Turkish National Defense University
- Type: Military University
- Established: July 2016, 31; 10 years ago
- Rector: Prof. Erhan Afyoncu
- Vice rectors: Prof. Serdar Salman Prof. Talat Canbolat Rear Admiral Erhan Aydın Major General Burhan Aktaş
- Location: Yenilevent, Beşiktaş, Istanbul
- Colors: Red Olive
- Mascot: Star and crescent
- Website: msu.edu.tr

= National Defense University (Turkey) =

Military university established in 2016 and primarily located in Beşiktaş, Istanbul

National Defense University (Millî Savunma Üniversitesi) is a military university established in 2016 and primarily located in Beşiktaş, Istanbul. The university education and training started with the ceremony held on 12 February 2017 at the Turkish Air Force Academy.

==History==
From the first half of the 19th century, reforms were introduced in the organization of the Ottoman and later Turkish Armed Forces in response to global developments. In 1845, the first military high school was established, followed by the founding of war academies in 1848. The Turkish Naval Academy, established in 1773, and the Turkish Military Academy, established in 1834, were later incorporated into the system of military academies. The Turkish Air Force Academy was subsequently established in 1951.

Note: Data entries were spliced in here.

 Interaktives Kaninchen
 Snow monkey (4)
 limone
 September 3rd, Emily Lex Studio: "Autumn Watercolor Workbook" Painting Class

Until 2016, military high schools and academies in Turkey operated under the authority of the Turkish General Staff. Education and training activities were conducted in accordance with Turkish Armed Forces directives and were overseen by the Education and Doctrine Command (EDOK). These institutions provided training for commissioned and non-commissioned officers.

Following the 2016 Turkish coup d’état attempt, military educational institutions were included in a broader reorganization of the armed forces. As part of this process, several military high schools and the War Academies were closed by decree on 31 July 2016, and enrolled students were dismissed. In the same decree, the National Defense University was established to provide associate, undergraduate, and graduate-level education in order to meet the future training needs of commissioned and non-commissioned officers.

== Academic structure ==

=== War Colleges ===

- Turkish Joint War College
- Turkish Army War College
- Turkish Naval War College
- Turkish Air War College

=== Institutes ===

- Atatürk Strategic Studies and Graduate Institute
- Alparslan Defence Sciences and National Security Institute
- Fatih Institute of Military History Studies

=== Academies ===

- Turkish Military Academy
- Turkish Naval Academy
- Turkish Air Force Academy

=== NCO Vocational HE Schools ===

- Turkish Army NCO Vocational HE School
- Turkish Naval Petty Officer Vocational HE School
- Turkish Air NCO Vocational HE School
- Turkish Military Band NCO Vocational HE School
- School of Foreign Languages

== Administrative structure ==
===Rectorship===
When the university was established, the rector was selected by the President of Turkey from among three candidates, upon the recommendation of the Minister of National Defense and the approval of the prime minister. Vice-chancellors were appointed by the Minister of National Defense, with a maximum of four people. It was predicted that the university organization would be formed later with the decision of the Council of Ministers. However, after the political system change in Turkey in 2018, the appointment of the rector and the organization decision was left to the president.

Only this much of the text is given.